→ WHAT NEEDS TO BE DONE
Please give back the listing below word for word, without the images.

→ INFORMATION SUPPLIED
^^^^^^^^

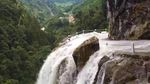 Ini Jalanan Paling Menakutkan di dunia, Melintasi Air Terjun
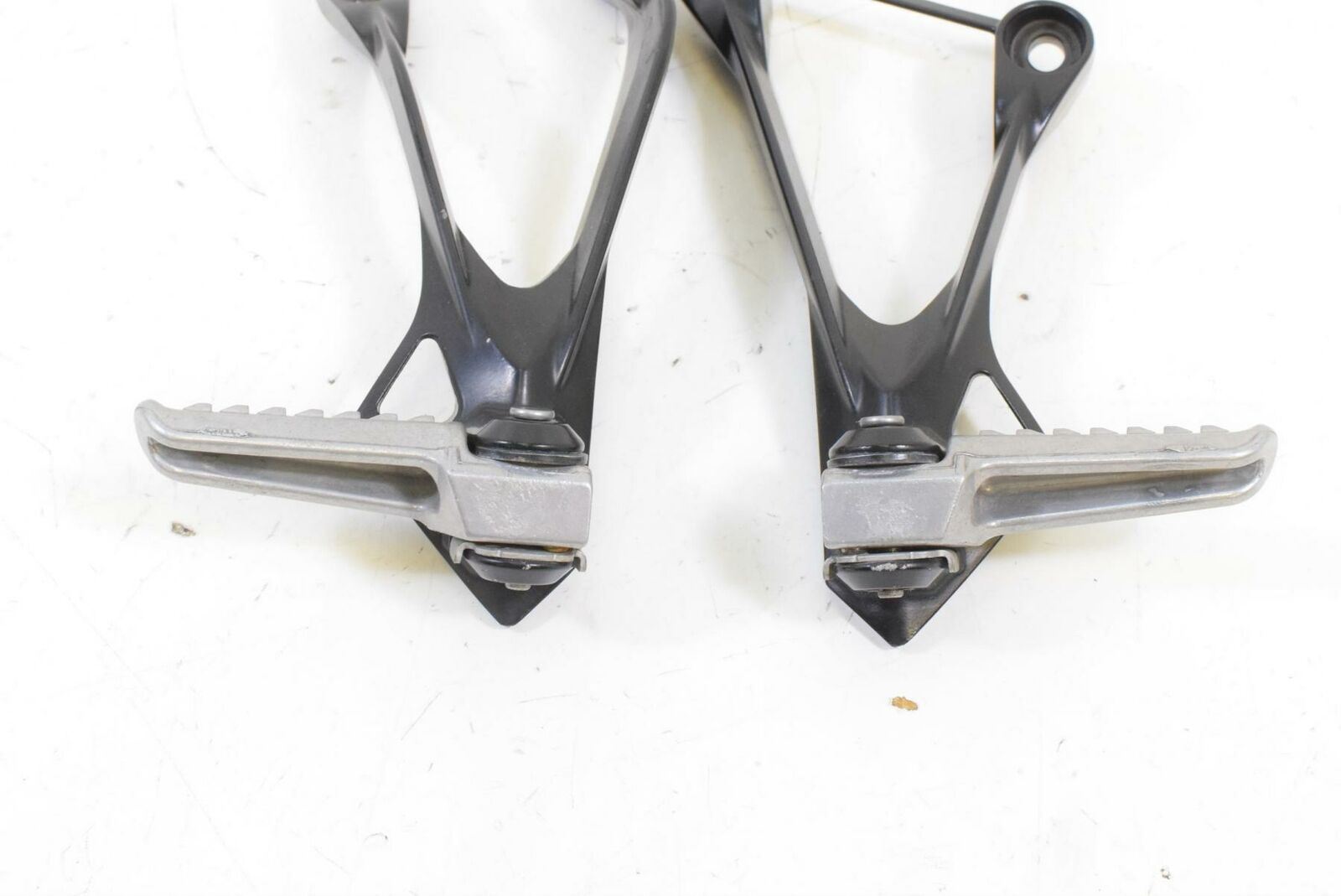 2007 Kawasaki ZX6R ZX636 ZX6 Ninja Rear Passenger Footpeg Set 35063-0145-W9 {{ shop.shopifyCountryName }} - Mototech271
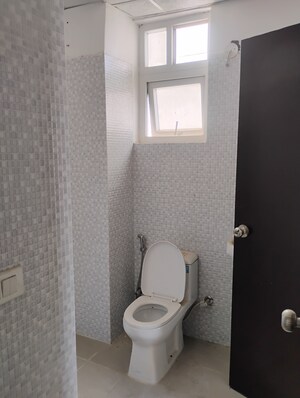 Bathroom in 3 BHK Villa at Gomti Nagar – for Sale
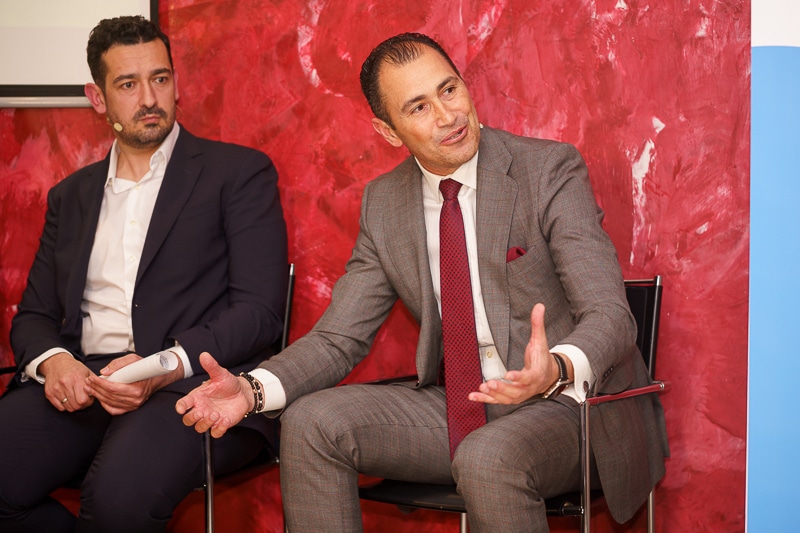 Daniel González, director de operaciones de Iluscar y presidente de Fagenauto; y José Ignacio De Diego,presidente de la Asociación de Inmobiliarias del Sureste de Madrid (AISEM) y gerente de Bon Lar Asesores Inmobiliarios, durante su intervención en 'Rivas en la encrucijada: ideas para una ciudad sostenible'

^^^^^^^^

→ WRITTEN ANSWER
 Ini Jalanan Paling Menakutkan di dunia, Melintasi Air Terjun
 2007 Kawasaki ZX6R ZX636 ZX6 Ninja Rear Passenger Footpeg Set 35063-0145-W9 {{ shop.shopifyCountryName }} - Mototech271
 Bathroom in 3 BHK Villa at Gomti Nagar – for Sale
 Daniel González, director de operaciones de Iluscar y presidente de Fagenauto; y José Ignacio De Diego,presidente de la Asociación de Inmobiliarias del Sureste de Madrid (AISEM) y gerente de Bon Lar Asesores Inmobiliarios, durante su intervención en 'Rivas en la encrucijada: ideas para una ciudad sostenible'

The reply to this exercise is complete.